A year earlier, the sisters had employed their swimming skills to pull the water-logged boat that brought them over from Turkey with another 18 people onboard.

"They did nothing wrong, they want to help people out of idealism," said Yusra's swimming coach Sven Spannekrebs.

"I was on Lesbos a few weeks ago and saw what all the volunteers are doing: A great job," he told AFP via email.

Spannekrebs said Mardini and another detainee, Sean Binder, were "long term volunteers for ERCI (and) never engaged in any illegal activity as suggested by the authorities."

He also cast doubt on the claim that the activists were illegally listening in on encrypted coastguard radio.

"The channels that the radios had access to are open to anyone to listen," the coach said.

Police said two ERCI activists had already been arrested in February onboard a jeep with concealed fake army license plates. The ERCI did not immediately respond to a request for comment.

Earlier this year, three Spaniards and two Danes were also accused of trying to help migrants illegally enter Greece. They were cleared in court in May.

Lesbos now has the highest concentration of migrants in Greece, which houses some 10,000 refugees compared to a population of 27,000. Conditions are also similar in the Greek islands of Chios, Samos and Kos, which all have been overwhelmed by the refugee flow due to their geographical proximity to Turkey.

The refugee influx came at a time when Greece declared its bankruptcy and in general, Greek islands were particularly affected by the country's debt crisis and subsequent austerity measures due to high living costs and the lack of many basic goods that need to be transported from the mainland.
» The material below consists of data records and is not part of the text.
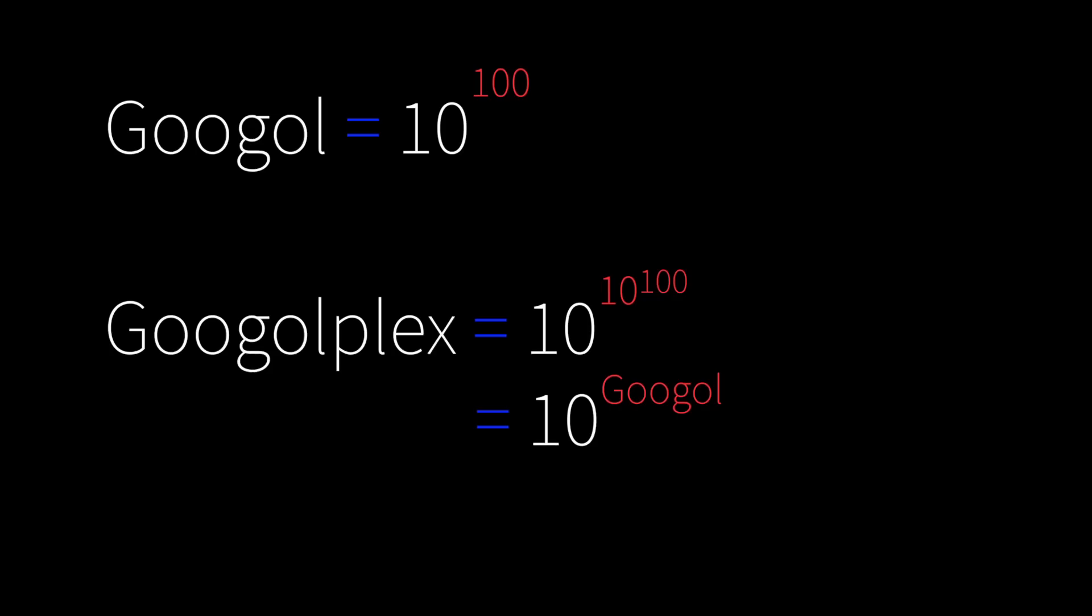Googol is 10^100, and googolplex is 10^(10^100), which is equal to 10^googol. Now we can move to the tough part of this video.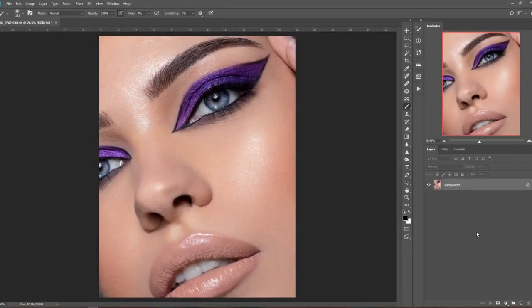So here we are in Photoshop and I have this picture here I took a couple of weeks ago — actually behind the scenes from this shoot. When I took this picture it's up on my YouTube channel; I'll link it in the upper corner here so you can go have a look later if you want.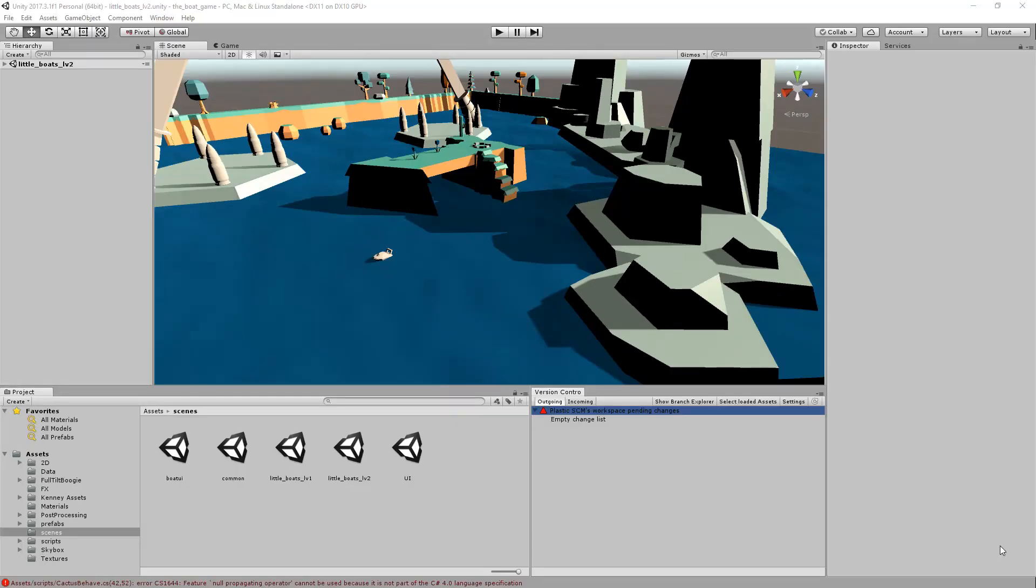In this video I'm going to show you the basic Plastic SCM operations you can use inside Unity. I'm going to start with the check-in operation.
The country's deteriorating image amid violent anti-austerity protests also took a heavy toll on tourism, the backbone of the islands' economy. Refugees arriving by thousands every day did not help to improve this image, and further deteriorated living conditions for the islanders.

To make matters worse, Lesbos was hit with a magnitude 6.3 earthquake in June 2017, killing one person and injuring some 10 others while leaving significant damage in the southern parts of the island. A magnitude 6.6 earthquake near the Turkish resort town of Bodrum also left significant damage in Greece's Kos, killing two people and injuring dozens of others.

Meanwhile, the entire country has witnessed a rise in far-right violence due to dire economic conditions and the overall rise of populist and far-right movements in Europe and the world. Many refugees or their safe houses in mainland Greece have been attacked mainly by the far-right Golden Dawn party's supporters over the last couple of years.

Across the Aegean Sea, Turkish officials are also trying to control their borders with Syria, Iraq and Iran exceeding 1,800 kilometers, save civilians fleeing from combat zones in Syria and Iraq, and accommodate a refugee population that exceeded four million at its peak.